Disclaimer: Making appointments is hard! Especially when you’re depressed and/or anxious. If you miss one or two or a lot, just remember that therapists work with people who miss appointments all the time. Forgive yourself and try to make the next one.
This is how I found Lynn, the real MVP of this story. I came to her in tatters and she listened every step of the way. I started under the misconception that therapy would be cold and clinical, and that sessions would be awkward and full of “how do you feel about that’s.” I was scared of someone telling me what to do or think.
What I found was that therapy isn’t like that at all. It can be like talking to a friend, only your friend is a neutral party who never gives advice, only listens, and literally got a degree to help you talk through your problems. I was apprehensive about the fact that Lynn is white (I completely understand that being a reservation for many people of color when it comes to seeking help). Something to keep in mind, though, is that therapists are well-trained in practicing empathy and that skill can do a lot in bridging cultural and emotional gaps.
When I first started seeing my counselor in early 2016, I couldn’t fathom what the year would have in store. June’s Pulse shooting wrecked me for a while. This month marks a year since it happened and we are still in mourning, particularly LGBTQ+ Latinxs who saw our friends and family in the faces of the fallen. Police brutality. The election. Constant reminders of the fragility of civil rights. It was a tough year to belong to any traditionally marginalized group. I feel lucky to have found Lynn before this shit ramped up the way it did, to have found my safe and secure space in a world that ceaselessly pointed out my intersectional vulnerability.
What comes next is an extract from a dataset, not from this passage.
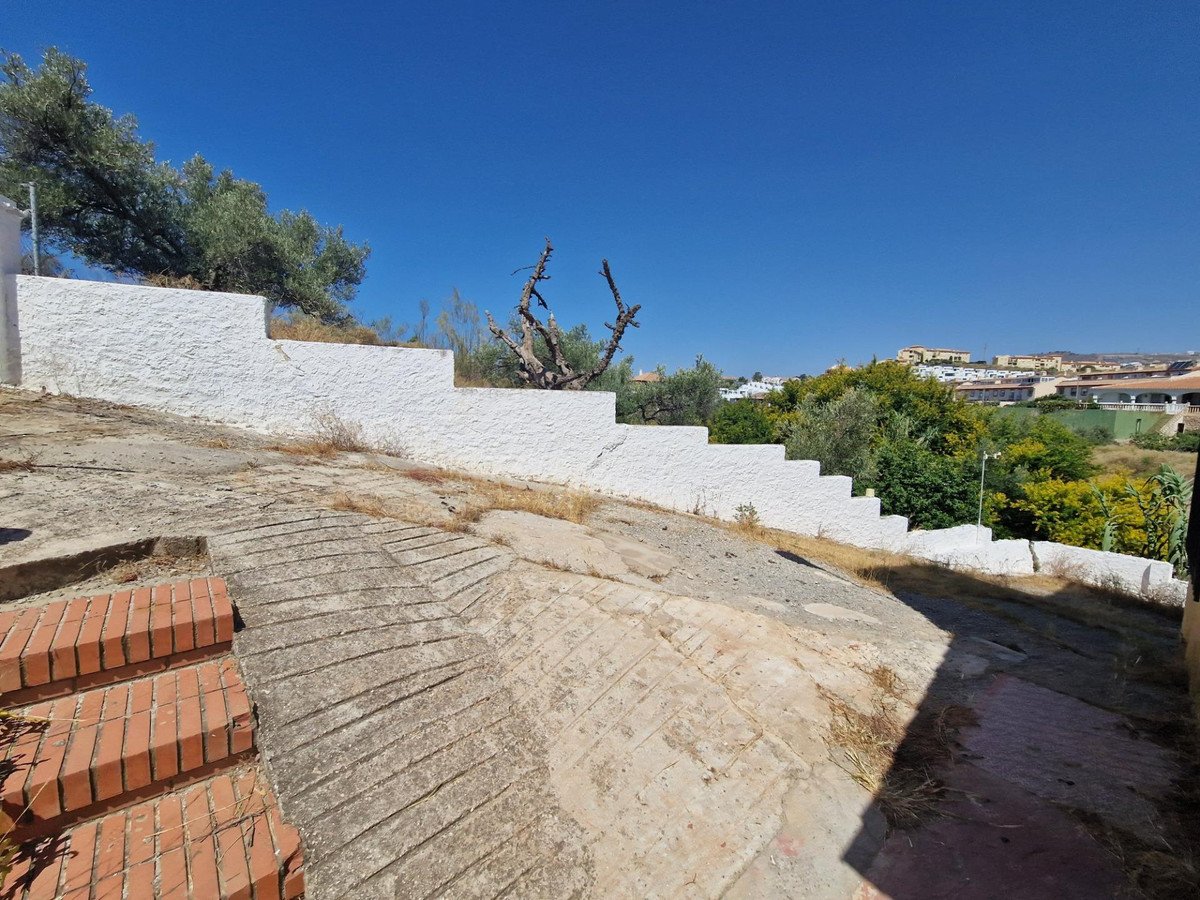12 Bed Detached Villa in Rincón de la Victoria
It was only through therapy that I learned I am stronger than I think, that negative thoughts won’t get me anywhere, and that detaching from my close-knit family unit is okay, and not selfish. With a healthy dose of therapy and medication, I was able to keep it relatively together, and I can’t be more grateful for those privileges.
Those of us from communities of color are sent the message that asking for help is a sign of weakness, that the right thing to do is to rough it out on our own. We are not taught the idea of self-care because so much of the time, our families come from a place of survival and coping with the world. Queer black feminist writer and activist Audre Lorde once wrote: “Caring for myself is not self-indulgence, it is self-preservation, and that is an act of political warfare.” We can and should change the stigma about mental health in our inner circles, if not for us but for the generations ahead of us to know that asking for help is okay. That is how we move forward. This is how we survive. The process of discussing and caring for our mental health, however difficult it is, can be our individual and cultural safe and secure space.